• [WORK TASK]:
Carry none of the pictures over; write out the complete data exactly.

• [DATASET EXTRACT]:
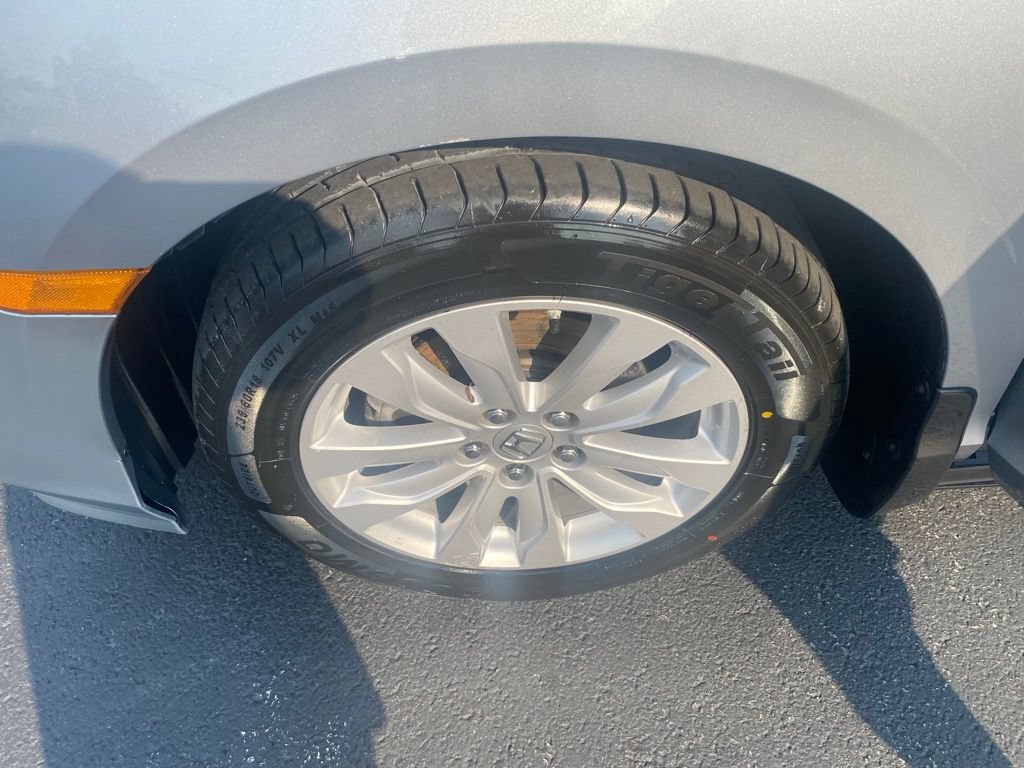 Used 2018 Honda Odyssey LX image 30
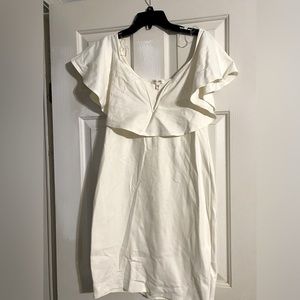 Off the Shoulder 1X White Dress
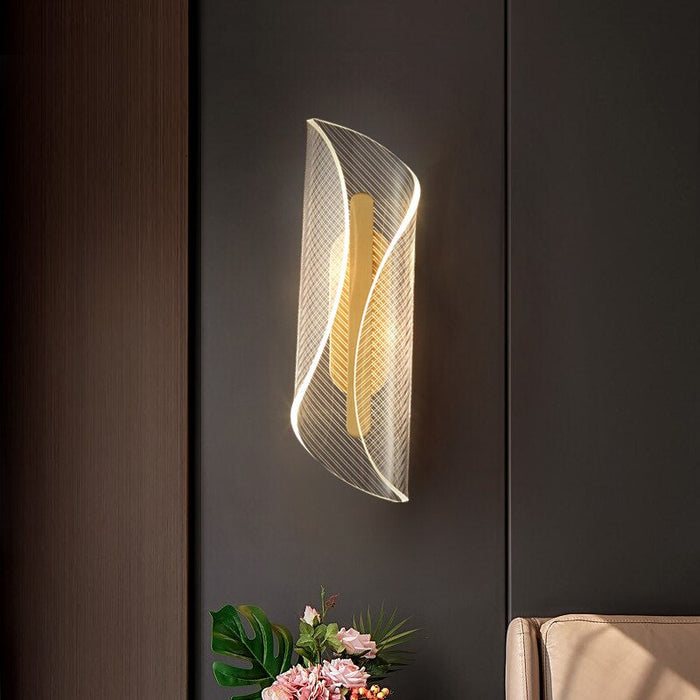 Lamina Modern Wall Sconce.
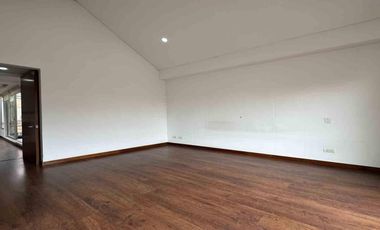 Arriendo - Exclusiva casa en Pinares de Chía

• [WRITTEN ANSWER]:
 Used 2018 Honda Odyssey LX image 30
 Off the Shoulder 1X White Dress
 Lamina Modern Wall Sconce.
 Arriendo - Exclusiva casa en Pinares de Chía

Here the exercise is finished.